Below are records; count the lines in them that hold "show" and give only the count.

[Items listed in a dataset]
::::::::
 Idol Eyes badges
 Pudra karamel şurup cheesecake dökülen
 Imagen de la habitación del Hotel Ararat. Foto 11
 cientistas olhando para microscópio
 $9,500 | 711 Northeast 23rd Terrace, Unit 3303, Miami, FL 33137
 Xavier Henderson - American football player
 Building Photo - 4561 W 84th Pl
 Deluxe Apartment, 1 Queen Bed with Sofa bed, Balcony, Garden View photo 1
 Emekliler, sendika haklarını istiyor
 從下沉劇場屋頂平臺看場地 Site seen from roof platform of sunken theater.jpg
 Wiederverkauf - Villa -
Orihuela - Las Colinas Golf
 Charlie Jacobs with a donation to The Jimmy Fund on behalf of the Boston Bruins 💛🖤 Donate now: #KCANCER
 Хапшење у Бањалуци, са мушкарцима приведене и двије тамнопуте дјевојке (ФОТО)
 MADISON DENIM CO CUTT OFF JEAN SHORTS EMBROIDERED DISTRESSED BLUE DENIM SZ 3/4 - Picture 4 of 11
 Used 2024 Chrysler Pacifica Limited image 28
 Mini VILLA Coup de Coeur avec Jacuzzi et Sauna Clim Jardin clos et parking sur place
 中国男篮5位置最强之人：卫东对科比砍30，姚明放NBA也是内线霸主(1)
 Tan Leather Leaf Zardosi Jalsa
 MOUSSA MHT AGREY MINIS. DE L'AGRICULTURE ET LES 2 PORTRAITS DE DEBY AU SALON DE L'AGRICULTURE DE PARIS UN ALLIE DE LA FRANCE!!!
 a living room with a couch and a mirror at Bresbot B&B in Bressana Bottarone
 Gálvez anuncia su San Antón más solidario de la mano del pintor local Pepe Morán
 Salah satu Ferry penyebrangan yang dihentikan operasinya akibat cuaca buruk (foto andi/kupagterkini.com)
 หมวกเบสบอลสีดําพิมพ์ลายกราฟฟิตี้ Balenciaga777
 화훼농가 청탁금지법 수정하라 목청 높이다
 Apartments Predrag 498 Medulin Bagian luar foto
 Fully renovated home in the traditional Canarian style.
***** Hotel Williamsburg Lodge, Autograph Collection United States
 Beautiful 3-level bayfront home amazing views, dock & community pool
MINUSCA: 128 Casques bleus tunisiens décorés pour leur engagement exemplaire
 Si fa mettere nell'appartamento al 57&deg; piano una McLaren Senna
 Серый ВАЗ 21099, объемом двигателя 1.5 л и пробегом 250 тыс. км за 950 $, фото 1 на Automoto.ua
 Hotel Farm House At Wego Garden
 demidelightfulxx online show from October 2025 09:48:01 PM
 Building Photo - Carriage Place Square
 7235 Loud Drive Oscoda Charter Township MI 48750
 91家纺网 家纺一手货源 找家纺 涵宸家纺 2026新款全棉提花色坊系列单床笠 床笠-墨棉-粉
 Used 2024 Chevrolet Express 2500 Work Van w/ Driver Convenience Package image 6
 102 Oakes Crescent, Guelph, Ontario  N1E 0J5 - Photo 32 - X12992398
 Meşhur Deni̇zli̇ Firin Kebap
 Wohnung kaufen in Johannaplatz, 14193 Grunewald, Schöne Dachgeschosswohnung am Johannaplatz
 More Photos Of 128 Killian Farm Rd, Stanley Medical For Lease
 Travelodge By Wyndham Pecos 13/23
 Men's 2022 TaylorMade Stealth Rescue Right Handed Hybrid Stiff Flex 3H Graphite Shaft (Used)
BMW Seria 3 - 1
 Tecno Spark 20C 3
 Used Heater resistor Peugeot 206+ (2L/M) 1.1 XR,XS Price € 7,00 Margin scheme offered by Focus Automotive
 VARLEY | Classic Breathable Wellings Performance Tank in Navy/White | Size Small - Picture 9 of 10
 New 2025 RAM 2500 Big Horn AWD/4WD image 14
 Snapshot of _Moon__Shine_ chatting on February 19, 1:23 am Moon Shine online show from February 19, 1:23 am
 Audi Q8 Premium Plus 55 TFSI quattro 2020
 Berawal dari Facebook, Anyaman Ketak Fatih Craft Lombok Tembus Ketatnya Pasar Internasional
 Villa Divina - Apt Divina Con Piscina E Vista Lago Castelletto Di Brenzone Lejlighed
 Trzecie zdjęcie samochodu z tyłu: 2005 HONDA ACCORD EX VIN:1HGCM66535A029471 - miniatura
::::::::
• Result for this task
2